I just don't like to see em like that. Ropes and fences everywhere to keep STUPID PEOPLE from from getting what they deserve.
The Alligator pit looked like a small swimming pool...........or as granny from the Beverly Hillbillies would say , " the cement pond."
I didn't even bother with trying to shoot anything through glass windows. None of it looked like a natural setting to me.
Maybe because I'm so use to doing it the way I do it. Lighting was a problem. A big problem. I couldn't get where I needed to be without being kicked out of the Zoo.
Which was tempting.

All in all, the Zoo is more challenging than I thought it might be. Working with an un-natural setting and trying to turn it into a natural setting for photogenic purposes while attempting to get the right light, is taxing.
Being overcast for most of the day, with the sun peeking out once in a while didn't help.
So there. There are all my excuses. The Zoo is just not for me.

Here's what I got.

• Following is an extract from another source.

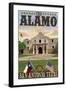 The Alamo Morning Scene - San Antonio, Texas-Lantern Press-Framed Art Print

Just wait until you see my Elephant image. lol


----------



## blackrose89 (Dec 11, 2011)

I have to disagree, I think you did a great job! I think the detail in the feathers is exquisite. I sometimes disagree with your ideas on composition but you have an amazing eye for detail and sharpness. Btw I Uploaded another thread with the parade pictures, I edited out the distracting elements like you suggested about the power lines so check it out!


----------



## Dominantly (Dec 11, 2011)

Composition is good, sharpness is there, just could use a bit more contrast and desaturation of the blue down on the rocks.


----------



## cepwin (Dec 11, 2011)

Gorgeous..sharp, good composition and the colors pop!


----------



## cgipson1 (Dec 11, 2011)

Nice pelican! Zoo's can be hard to shoot.. but that is part of the challenge and fun!


----------



## LightSpeed (Dec 11, 2011)

Thanks guys.
Appreciate your comments.

Gipson, please don't edit my pelican , being shot out of a canon or something.
Thanks in advance.


Wait until you see my Elephant shot.
I have to give it it's own thread, so this one doesn't get destroyed. lol


----------



## AMOMENT (Dec 11, 2011)

I think it was amazing and think you are quite good at Zoo shoots.  If you think that these are bad,I can't imagine how great your other genres are!


----------



## cgipson1 (Dec 11, 2011)

LightSpeed said:


> Thanks guys.
> Appreciate your comments.
> 
> Gipson, please don't edit my pelican , being shot out of a canon or something.
> ...



How about your elephant sitting on the pelican? Come on, it'l be fun!


----------



## Derrel (Dec 11, 2011)

This bird looks okay. But what about the other kinda' bird? I mean, dude--how dare you bring up Granny and "the cement pond", and not provide us with some pics of a cute Ellie Mae look-alike...you know, 20-something years old, blonde hair, wearing the 2011-style Daisy Dukes, suede platform heels, and a tight white tank top! Come on!!!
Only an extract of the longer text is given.